Despite that interval -- and unlike any previous full-length under the volatile Chromatics banner -- Kill for Love is very much an extension of the sound and approach of its predecessor.
It also runs nearly 92 minutes in its full digital version (only 78 in physical formats, with space limitations necessitating the omission of epic ambient closer "No Escape").
That's quite a lot of music, even if you've been waiting half a decade for it, but it feels entirely warranted, if not flat-out necessary in this case, because this is torpid, achingly gradual music that requires time and patience to achieve its fullest impact -- and because this is the kind of album you don't so much listen to as live inside while it's playing.
Anyone familiar with Night Drive or the other Italians Do It Better-associated projects of Chromatics' prime aesthetic mover Johnny Jewel (Glass Candy, Desire, Symmetry) can probably intuit what's in store here: atmospheric, deeply stylish aural landscapes in pop song silhouettes, and darkly glistening electronic "pop" infused with post-punk's steely, nihilistic ennui.
Kill for Love feels in many ways like an ultimate, quintessential expression of this aesthetic, in part because it creates a properly expansive context, and also because not a minute is wasted -- it maintains an impressively high level of quality and and emotional resonance throughout -- but particularly in how it blurs the distinction between "proper" songs and the sort of moody, cinematic instrumental (or nearly instrumental) pieces which form the bulk of the album's latter half almost to the point of irrelevance.
One corollary to this is that the more overtly pop moments, clustered in the first third, here don't quite "pop" like they could -- with slightly different production choices, songs like "Lady" and the title track might be instant synth pop earworms; here, draped in haze and analog crackle, they're shyer to reveal their charms, though Ruth Radelet's hushed, mournful melodies do seep in and grow addictive with repeated listens.
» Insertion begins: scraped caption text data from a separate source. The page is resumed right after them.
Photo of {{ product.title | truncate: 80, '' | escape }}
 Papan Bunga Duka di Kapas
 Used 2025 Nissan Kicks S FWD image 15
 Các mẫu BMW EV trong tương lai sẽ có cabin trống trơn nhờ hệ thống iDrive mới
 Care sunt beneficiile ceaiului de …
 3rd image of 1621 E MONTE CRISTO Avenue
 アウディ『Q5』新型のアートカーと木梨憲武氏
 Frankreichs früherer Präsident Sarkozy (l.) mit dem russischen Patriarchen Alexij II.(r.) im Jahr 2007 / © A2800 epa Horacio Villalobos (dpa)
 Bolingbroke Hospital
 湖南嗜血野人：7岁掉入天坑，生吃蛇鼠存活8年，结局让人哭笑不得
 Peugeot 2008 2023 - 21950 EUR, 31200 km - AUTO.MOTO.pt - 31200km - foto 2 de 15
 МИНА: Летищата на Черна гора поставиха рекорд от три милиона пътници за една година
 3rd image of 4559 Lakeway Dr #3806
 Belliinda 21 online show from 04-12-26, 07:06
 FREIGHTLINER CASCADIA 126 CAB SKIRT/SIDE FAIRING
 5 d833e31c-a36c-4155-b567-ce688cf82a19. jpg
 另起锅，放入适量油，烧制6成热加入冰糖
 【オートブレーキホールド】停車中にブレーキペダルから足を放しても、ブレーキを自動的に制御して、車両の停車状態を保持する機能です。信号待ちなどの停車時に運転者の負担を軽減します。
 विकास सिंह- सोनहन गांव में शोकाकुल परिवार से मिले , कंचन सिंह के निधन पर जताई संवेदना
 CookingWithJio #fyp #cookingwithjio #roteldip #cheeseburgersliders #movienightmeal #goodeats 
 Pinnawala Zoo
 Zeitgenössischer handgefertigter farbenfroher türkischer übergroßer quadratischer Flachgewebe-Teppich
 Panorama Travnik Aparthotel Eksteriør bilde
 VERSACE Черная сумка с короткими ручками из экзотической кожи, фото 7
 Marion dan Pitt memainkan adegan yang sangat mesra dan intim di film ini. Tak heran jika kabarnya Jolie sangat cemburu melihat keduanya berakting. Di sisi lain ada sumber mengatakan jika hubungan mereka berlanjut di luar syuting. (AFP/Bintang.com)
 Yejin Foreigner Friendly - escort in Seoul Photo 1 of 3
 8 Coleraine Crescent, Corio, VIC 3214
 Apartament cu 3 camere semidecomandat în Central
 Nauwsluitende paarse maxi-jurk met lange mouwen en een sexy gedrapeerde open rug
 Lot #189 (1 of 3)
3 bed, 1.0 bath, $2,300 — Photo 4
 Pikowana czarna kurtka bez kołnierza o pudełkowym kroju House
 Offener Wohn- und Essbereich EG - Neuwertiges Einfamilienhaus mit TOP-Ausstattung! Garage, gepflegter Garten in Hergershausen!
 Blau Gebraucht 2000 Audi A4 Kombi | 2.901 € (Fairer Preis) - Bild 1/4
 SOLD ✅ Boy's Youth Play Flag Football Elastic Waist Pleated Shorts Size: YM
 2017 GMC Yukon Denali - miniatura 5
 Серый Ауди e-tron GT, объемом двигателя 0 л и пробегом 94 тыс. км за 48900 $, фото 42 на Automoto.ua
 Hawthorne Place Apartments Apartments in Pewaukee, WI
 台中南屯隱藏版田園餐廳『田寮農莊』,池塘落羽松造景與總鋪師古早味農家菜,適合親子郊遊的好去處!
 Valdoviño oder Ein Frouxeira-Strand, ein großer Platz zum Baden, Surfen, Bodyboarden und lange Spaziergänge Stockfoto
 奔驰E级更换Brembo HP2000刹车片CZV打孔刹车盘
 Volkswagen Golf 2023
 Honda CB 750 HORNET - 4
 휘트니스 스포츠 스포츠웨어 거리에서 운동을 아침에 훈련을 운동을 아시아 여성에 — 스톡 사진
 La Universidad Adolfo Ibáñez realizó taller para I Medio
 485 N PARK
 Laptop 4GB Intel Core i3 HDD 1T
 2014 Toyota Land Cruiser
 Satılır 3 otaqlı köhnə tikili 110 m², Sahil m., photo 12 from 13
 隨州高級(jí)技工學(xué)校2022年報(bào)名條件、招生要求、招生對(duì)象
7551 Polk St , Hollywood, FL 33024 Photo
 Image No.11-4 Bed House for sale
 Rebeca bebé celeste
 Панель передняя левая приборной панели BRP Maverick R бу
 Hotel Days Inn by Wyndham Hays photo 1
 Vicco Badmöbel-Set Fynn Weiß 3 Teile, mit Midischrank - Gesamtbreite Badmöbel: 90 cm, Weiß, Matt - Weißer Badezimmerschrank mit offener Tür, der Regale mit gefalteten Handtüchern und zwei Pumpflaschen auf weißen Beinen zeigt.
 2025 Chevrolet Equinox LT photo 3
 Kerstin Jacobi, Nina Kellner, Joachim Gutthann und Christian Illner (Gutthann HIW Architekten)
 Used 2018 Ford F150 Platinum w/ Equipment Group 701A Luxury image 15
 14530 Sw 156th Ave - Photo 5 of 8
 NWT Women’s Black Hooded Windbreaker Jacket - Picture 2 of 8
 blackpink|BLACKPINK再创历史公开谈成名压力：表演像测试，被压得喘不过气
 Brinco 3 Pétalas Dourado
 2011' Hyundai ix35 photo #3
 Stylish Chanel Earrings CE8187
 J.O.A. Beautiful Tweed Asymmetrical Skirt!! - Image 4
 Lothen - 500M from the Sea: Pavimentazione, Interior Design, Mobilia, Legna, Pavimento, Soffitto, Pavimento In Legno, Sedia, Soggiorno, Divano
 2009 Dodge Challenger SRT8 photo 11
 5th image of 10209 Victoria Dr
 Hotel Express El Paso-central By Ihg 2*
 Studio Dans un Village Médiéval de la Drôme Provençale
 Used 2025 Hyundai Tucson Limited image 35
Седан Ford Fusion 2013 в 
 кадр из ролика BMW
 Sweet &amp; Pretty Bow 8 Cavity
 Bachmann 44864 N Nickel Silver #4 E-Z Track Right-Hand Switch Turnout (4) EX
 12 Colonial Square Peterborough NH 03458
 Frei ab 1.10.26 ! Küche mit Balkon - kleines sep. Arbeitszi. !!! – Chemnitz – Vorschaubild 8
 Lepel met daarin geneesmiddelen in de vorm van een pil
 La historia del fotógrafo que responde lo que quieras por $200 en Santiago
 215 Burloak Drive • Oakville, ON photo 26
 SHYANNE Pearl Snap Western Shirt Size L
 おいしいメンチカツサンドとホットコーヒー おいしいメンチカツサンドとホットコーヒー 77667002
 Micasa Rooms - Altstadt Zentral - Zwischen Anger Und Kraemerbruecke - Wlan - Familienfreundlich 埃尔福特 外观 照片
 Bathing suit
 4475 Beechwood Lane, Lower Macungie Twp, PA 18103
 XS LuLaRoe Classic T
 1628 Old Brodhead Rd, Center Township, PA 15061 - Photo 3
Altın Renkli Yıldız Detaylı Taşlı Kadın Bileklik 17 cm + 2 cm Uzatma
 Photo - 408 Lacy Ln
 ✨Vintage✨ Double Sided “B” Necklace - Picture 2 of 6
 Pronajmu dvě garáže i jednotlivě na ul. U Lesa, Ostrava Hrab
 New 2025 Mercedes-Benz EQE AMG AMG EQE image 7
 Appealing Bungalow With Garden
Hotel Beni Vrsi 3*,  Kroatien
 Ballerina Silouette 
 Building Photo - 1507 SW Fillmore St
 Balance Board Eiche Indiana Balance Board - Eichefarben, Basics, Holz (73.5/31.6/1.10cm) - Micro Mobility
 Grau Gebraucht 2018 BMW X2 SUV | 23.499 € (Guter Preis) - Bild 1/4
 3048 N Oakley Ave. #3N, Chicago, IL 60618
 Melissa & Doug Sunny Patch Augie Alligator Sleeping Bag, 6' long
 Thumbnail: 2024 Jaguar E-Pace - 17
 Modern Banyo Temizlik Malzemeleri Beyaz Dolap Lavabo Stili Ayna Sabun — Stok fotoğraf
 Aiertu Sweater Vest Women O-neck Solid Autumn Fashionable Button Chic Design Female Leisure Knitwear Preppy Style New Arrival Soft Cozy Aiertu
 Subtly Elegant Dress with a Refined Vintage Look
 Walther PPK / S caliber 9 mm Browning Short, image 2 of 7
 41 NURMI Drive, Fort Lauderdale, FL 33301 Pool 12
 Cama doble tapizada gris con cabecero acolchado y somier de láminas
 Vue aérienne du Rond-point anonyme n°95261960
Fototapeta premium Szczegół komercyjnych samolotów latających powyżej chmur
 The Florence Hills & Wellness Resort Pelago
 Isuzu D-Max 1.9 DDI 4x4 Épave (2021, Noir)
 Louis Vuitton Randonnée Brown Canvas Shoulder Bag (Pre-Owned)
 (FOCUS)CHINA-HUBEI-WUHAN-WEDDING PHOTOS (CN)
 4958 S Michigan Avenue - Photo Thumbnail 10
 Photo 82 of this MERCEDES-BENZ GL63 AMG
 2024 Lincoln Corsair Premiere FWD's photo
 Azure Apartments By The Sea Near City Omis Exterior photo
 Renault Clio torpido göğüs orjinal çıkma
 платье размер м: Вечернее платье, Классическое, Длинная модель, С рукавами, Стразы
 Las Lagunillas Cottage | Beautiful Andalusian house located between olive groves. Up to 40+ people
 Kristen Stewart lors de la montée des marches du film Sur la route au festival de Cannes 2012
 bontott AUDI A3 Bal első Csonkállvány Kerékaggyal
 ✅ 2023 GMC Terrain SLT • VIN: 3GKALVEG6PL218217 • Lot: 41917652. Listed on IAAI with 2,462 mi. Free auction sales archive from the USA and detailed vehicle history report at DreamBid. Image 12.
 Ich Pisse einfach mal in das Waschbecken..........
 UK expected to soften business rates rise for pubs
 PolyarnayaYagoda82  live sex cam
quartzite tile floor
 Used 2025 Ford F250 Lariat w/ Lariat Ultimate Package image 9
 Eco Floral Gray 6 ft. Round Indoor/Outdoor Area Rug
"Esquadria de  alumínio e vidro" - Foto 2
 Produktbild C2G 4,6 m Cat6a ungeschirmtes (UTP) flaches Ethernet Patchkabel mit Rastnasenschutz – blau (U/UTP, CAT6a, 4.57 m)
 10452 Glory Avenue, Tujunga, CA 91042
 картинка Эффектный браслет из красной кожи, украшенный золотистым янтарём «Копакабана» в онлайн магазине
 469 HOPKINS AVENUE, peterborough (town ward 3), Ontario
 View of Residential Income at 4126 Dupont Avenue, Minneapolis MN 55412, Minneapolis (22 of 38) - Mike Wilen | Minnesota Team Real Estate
Contrasting Radelet's glassy-eyed clarity, a heavily processed male voice takes over on the brooding "Streets Will Never Look the Same" and "Running from the Sun," recalling the bleary, washed-out vibe of Sweden's Radio Dept. Once again, Chromatics use a cover song in a pivotal role here, opening the record with a stripped-down, deadpan take on Neil Young's "Hey Hey My My," dubbed "Into the Black" (although it's closer in tone to Young's more somber "Out of the Blue" acoustic version) -- it's a strange, almost anti-hip choice, and somewhat inscrutable as an opener, but as with just about everything else here, it is inarguably effective, and starkly beautiful in its simplicity.